One difference is that Jan is increadibly easy to install, just download the AppImage, make it executable and start it.
@jeena And absolutely nothing can go wrong by downloading random files from the internet based on contemporary hype, making them executable and starting them…
As opposed to cloning a random repository and running
make
or something?@xigoi Is that something you do?
How else would you install something that doesn’t happen to be in your favorite package manager?
@xigoi Are you actually trying to get malware into your computer? Don’t install **random** shiny new things without maximum skepticism. Period. Just let some other fools “test” the minefield for you. Or do a proper inspection. Executing foreign code just because it had “GPT” in the name… and acting like there was no other option… yuck!
Anyone interested in a local llm should check out Llamafile from Mozilla.
This looks very cool, especially the part about being able to use it on consumer-grade laptops. Will try it out when I get a chance.

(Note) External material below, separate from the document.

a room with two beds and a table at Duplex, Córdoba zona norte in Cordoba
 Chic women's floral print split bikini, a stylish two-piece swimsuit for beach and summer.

So what exactly is this? Open-source ChatGPT-alternatives have existed before and alongside ChatGPT the entire time, in the form of downloading oogabooga or a different interface and downloading an open source model from Huggingface. They aren’t competitive because users don’t have terabytes of VRAM or AI accelerators.
Edit: spelling. The Facebook LLM is pretty decent and has a huge amount of tokens. You can install it locally and feed your own data into the model so it will become tailor made.
It’s basically a UI for downloading and running models. You don’t need terabytes of VRAM to run most models though. A decent GPU and 16 gigs of RAM or so works fine.
What are the hardware requirements?
Depends on the size of the model you want to run. Generally, having a decent GPU and at least 16 gigs of RAM is helpful.